Invite teachers to read the section entitled “Take a Broader Perspective” (handbook, 33). Have them look for a definition of synthesis. Ask teachers:

  • What is synthesis? (see handbook, 33).

  • How does synthesis relate to scripture study? to scripture teaching?

  • What are some ways to use synthesis to take a broader perspective during scripture study or scripture teaching? (see handbook, 33).

❖ Discussion

Distribute handout 24 (or display it as an overhead transparency). Explain that we can take a broader perspective within a scripture block as well as beyond a scripture block. Ask teachers to consider the following comparison: If practicing “look for” skills is looking at the specific trees in a forest, taking a broader perspective is comparing greater parts of the forest. Invite teachers to read the handout. Let teachers know that, ultimately, both skills described on the handout are intended to help us discover the principles the scriptures teach.

❖ Demonstration

Distribute handout 25 and use it to demonstrate examples of scripture chains, patterns or repetition, and scriptural contrasts. Explain to teachers that these are examples of ways to help students take a broader perspective.

❖ Video

Show presentation 27, “Take a Broader Perspective” (9:03). Have teachers look for how Sister Thomas helps the students take a broader perspective of Malachi 3 by having them note patterns or repetition, create scripture chains, and make scriptural contrasts.

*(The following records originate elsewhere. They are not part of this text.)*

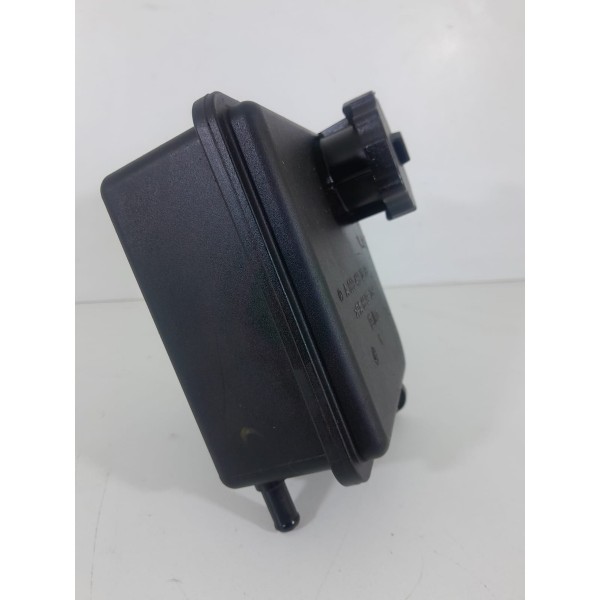 Reservatorio Direcao Hidrauli Mercedes C180 C200 A0004602983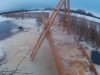 Гравитационный аэратор - 01500034.JPG (167.17 КБ) 13822 просмотра Гравитационный аэратор - 01500034.JPG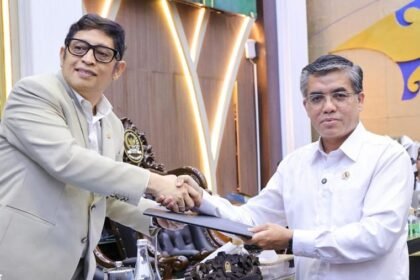 Pengesahan UU PPRT menjadi tonggak sejarah baru perlindungan pekerja rumah tangga di Indonesia setelah penantian panjang selama 22 tahun.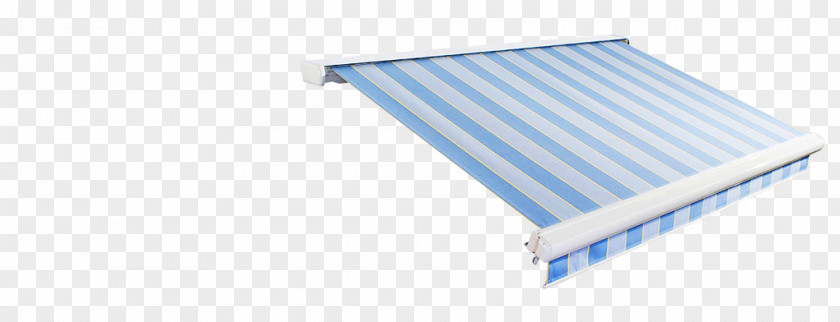 Sun Shade Roof Material PNG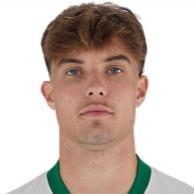 Yago Santiago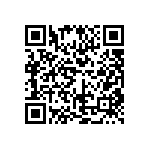 DTS26Z25-29HN-LC QRCode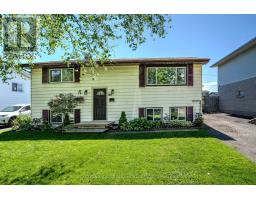 360 FIRST AVENUE, Brockville, Ontario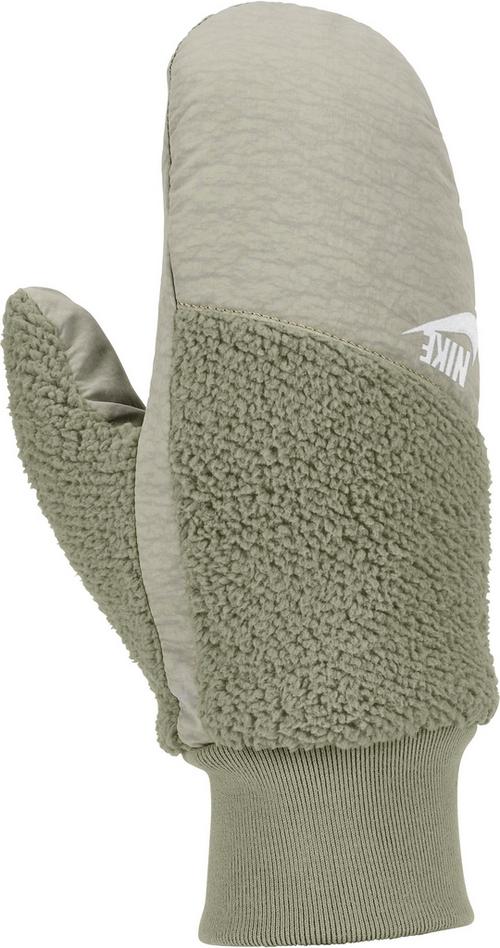 Nike High Pile Fleece Handschuh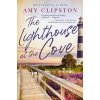 The Lighthouse at the Cove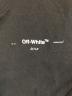 OFFWHITEの古着・服飾アイテム：8000円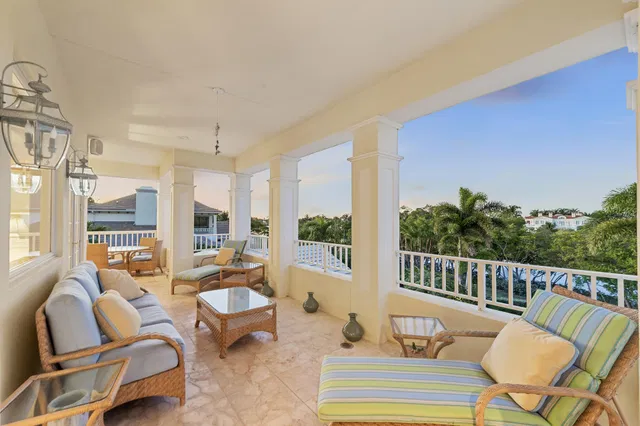 Sailfish Point Residence photo 20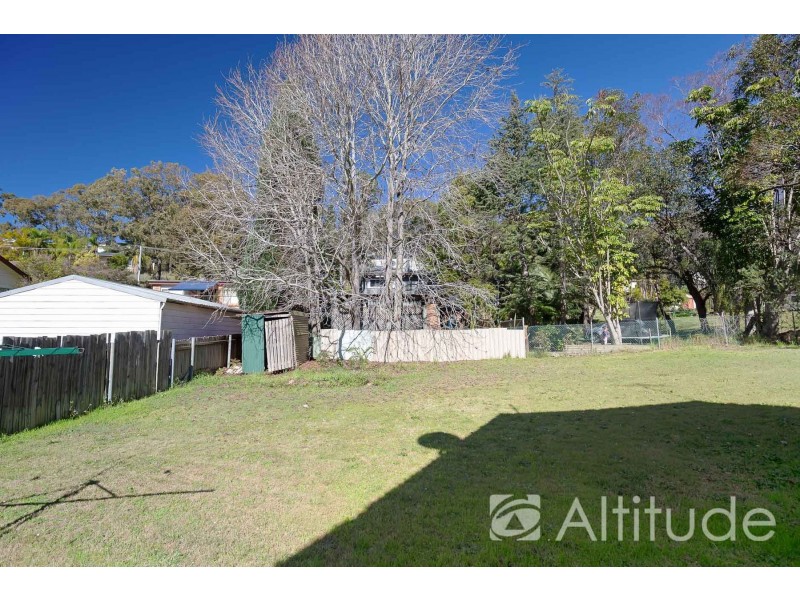 17 Kummari Road, Wangi Wangi NSW 2267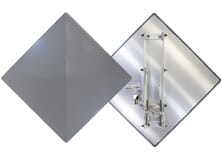 ADRF-AD-PA-617-960-D | DAS-EQUIPMENT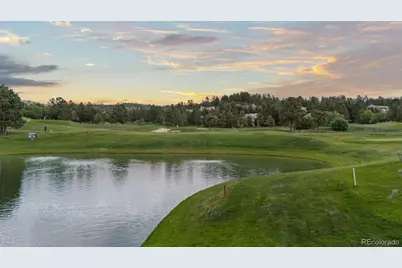 3208 Country Club Parkway, Castle Rock, CO 80108 - Photo 34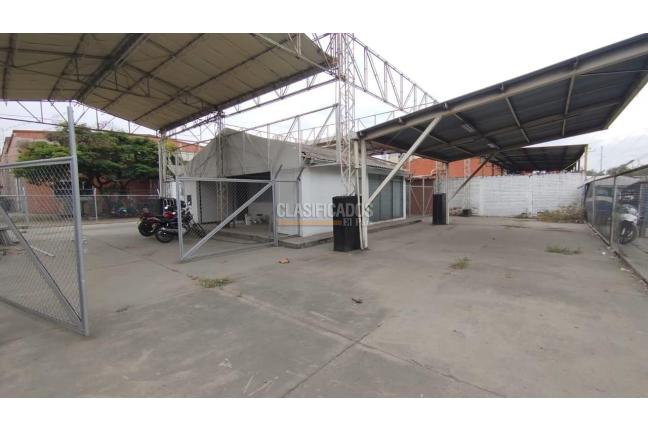 Locales y Bodegas, Alquiler, Sameco - $9.000.000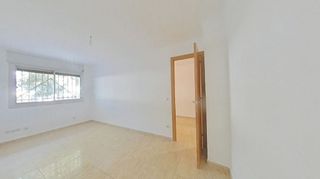 Piso en venta en Montigalà -Sant Crist en Badalona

Following the video, ask teachers: How did Sister Thomas help the students take a broader perspective through noting patterns or repetition? through scripture chaining? through making scriptural contrasts?

❖ Group Work

Distribute handout 26, and organize teachers into small groups. Invite them to take a broader perspective of Doctrine and Covenants 122 by completing the activities on the handout. After finishing the activities, invite the groups to share their discoveries with the in-service group.

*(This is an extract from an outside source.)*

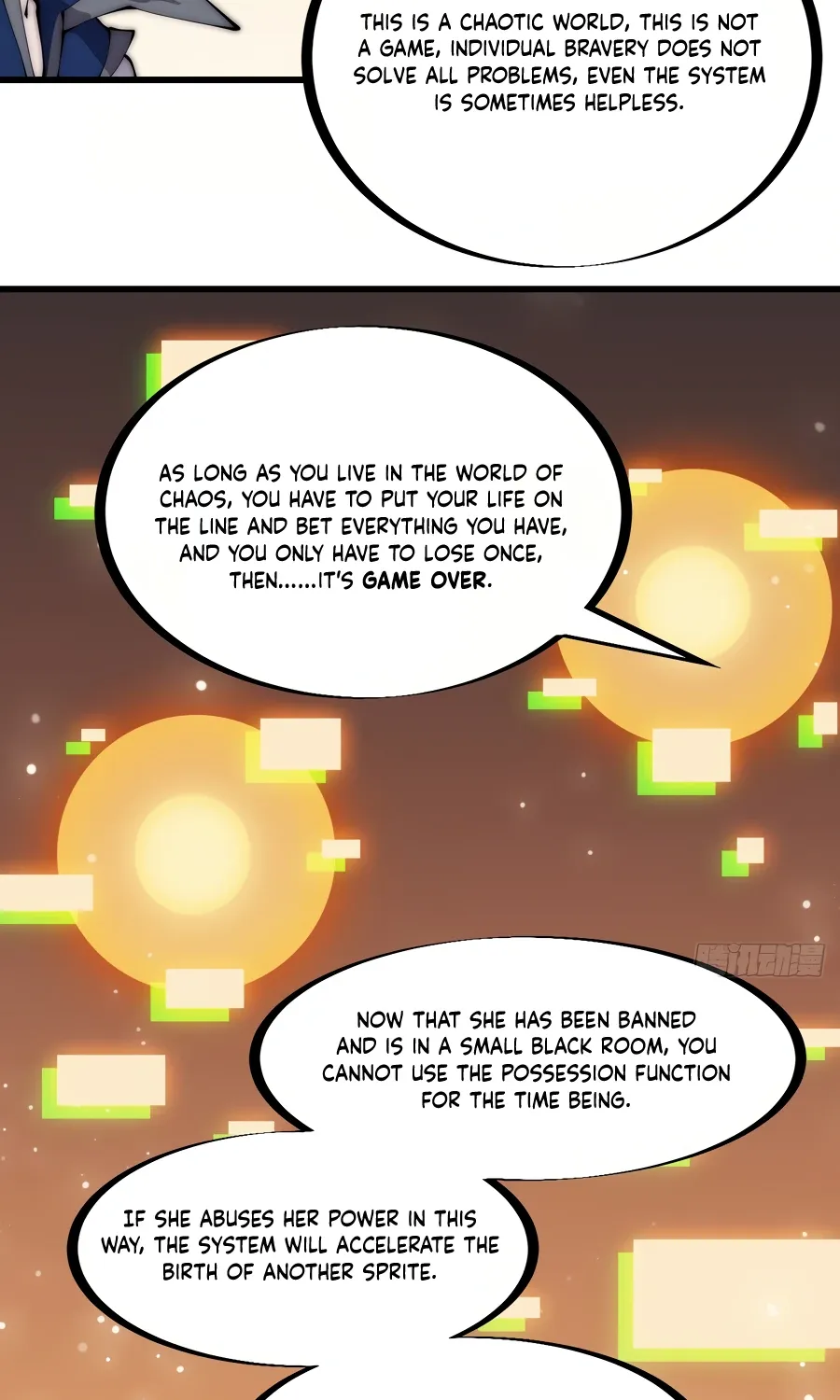 Chapter 261 — page 26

Suggested Training Activities: Synthesis Can Show Patterns and Principles

(20 minutes)

Note: The suggested training activities in lesson 24, “Use ‘Look for’ Skills,’” under the heading “Analysis Can Reveal Principles and Is Part of the Spirit of Inquiry” would also work well here. If you have already conducted those activities, a brief review of them may be all that is necessary here.

❖ Quotation

Invite teachers to review the statement from handout 22 by Elder Richard G. Scott of the Quorum of the Twelve Apostles.

Separate Principles from Detail

“As you seek spiritual knowledge, search for principles. Carefully separate them from the detail used to explain them. Principles are concentrated truth, packaged for application to a wide variety of circumstances. A true principle makes decisions clear even under the most confusing and compelling circumstances. It is worth great effort to organize the truth we gather to simple statements of principle” (in Conference Report, Oct. 1993, 117; or Ensign, Nov. 1993, 86).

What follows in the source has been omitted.